What the exercise asks | Exact copy, pictures excluded: set down only the lines from the one with "Moorish Brass Mirror" through the end of the entries, keeping both end lines.

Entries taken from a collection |
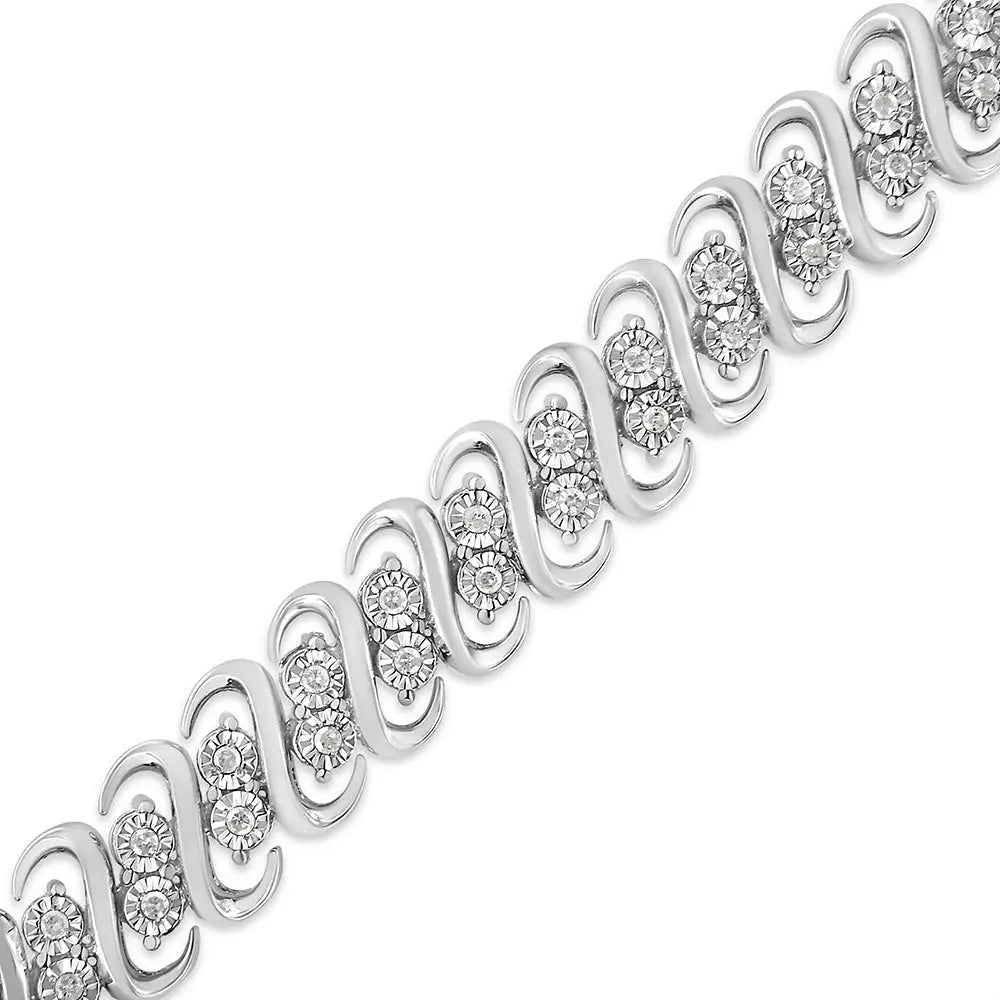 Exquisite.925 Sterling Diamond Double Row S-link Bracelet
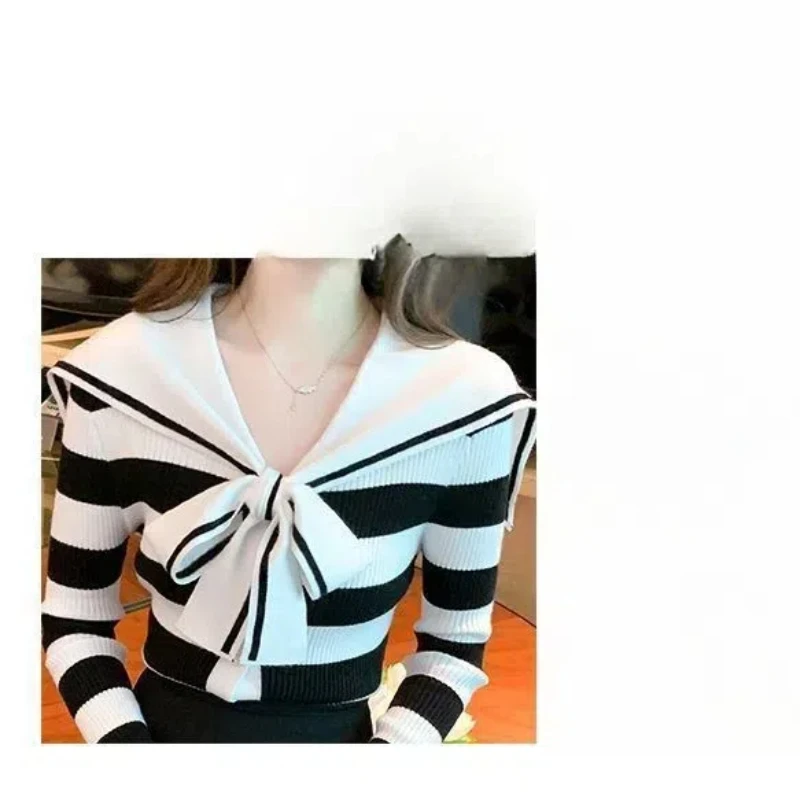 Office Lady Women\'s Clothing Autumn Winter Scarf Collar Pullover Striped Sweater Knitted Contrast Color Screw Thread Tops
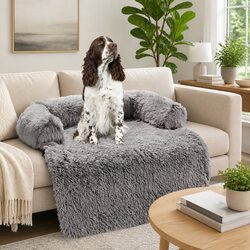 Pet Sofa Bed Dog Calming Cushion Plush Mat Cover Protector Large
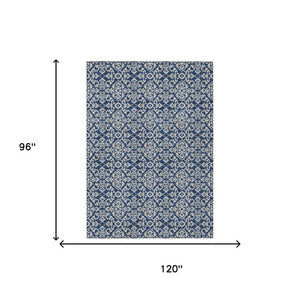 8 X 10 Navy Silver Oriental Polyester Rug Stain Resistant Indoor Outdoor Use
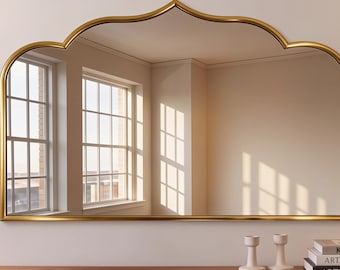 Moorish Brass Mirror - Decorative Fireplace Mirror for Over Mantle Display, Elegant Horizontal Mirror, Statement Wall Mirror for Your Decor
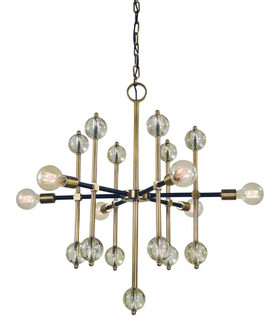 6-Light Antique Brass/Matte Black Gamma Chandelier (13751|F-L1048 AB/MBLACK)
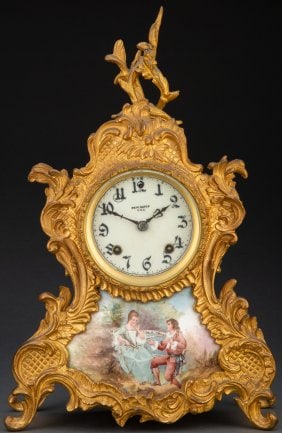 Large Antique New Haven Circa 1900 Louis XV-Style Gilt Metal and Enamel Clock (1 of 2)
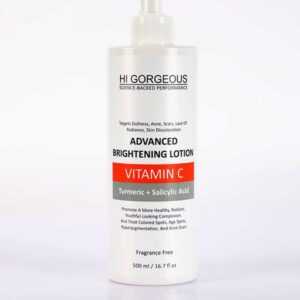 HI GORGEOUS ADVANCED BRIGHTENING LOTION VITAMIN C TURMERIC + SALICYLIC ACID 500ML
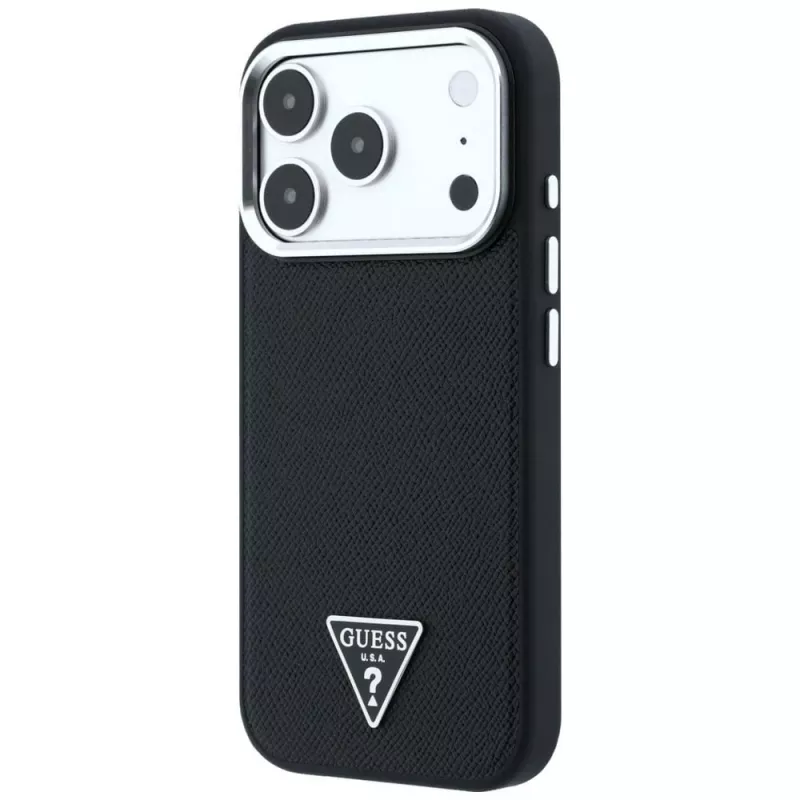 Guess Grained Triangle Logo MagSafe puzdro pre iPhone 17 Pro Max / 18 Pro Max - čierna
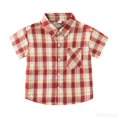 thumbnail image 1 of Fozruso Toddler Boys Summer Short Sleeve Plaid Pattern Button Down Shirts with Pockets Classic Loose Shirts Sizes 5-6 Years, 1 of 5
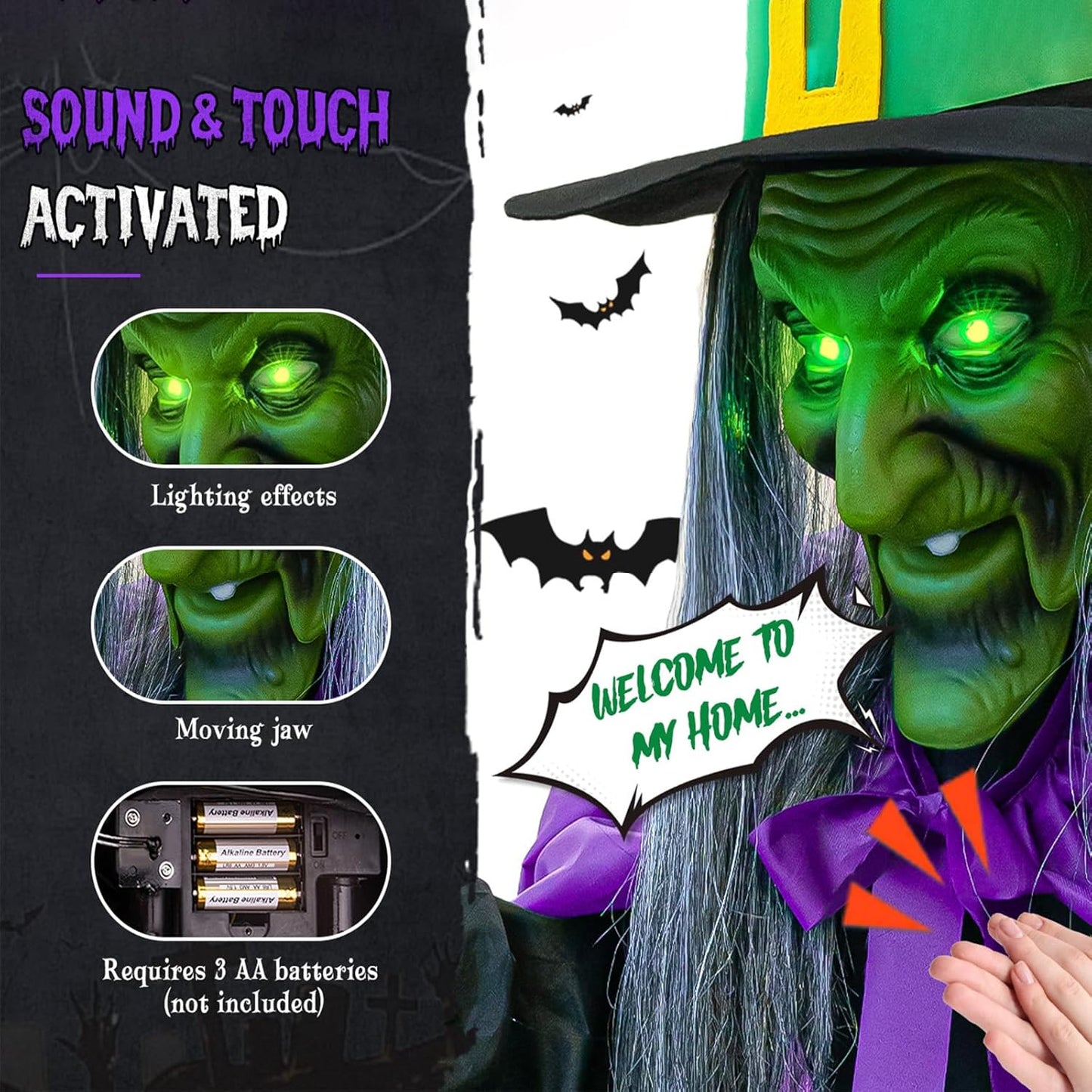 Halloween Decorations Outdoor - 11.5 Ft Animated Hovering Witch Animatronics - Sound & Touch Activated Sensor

Exercise result |
 Moorish Brass Mirror - Decorative Fireplace Mirror for Over Mantle Display, Elegant Horizontal Mirror, Statement Wall Mirror for Your Decor
 6-Light Antique Brass/Matte Black Gamma Chandelier (13751|F-L1048 AB/MBLACK)
 Large Antique New Haven Circa 1900 Louis XV-Style Gilt Metal and Enamel Clock (1 of 2)
 HI GORGEOUS ADVANCED BRIGHTENING LOTION VITAMIN C TURMERIC + SALICYLIC ACID 500ML
 Guess Grained Triangle Logo MagSafe puzdro pre iPhone 17 Pro Max / 18 Pro Max - čierna
 thumbnail image 1 of Fozruso Toddler Boys Summer Short Sleeve Plaid Pattern Button Down Shirts with Pockets Classic Loose Shirts Sizes 5-6 Years, 1 of 5
 Halloween Decorations Outdoor - 11.5 Ft Animated Hovering Witch Animatronics - Sound & Touch Activated Sensor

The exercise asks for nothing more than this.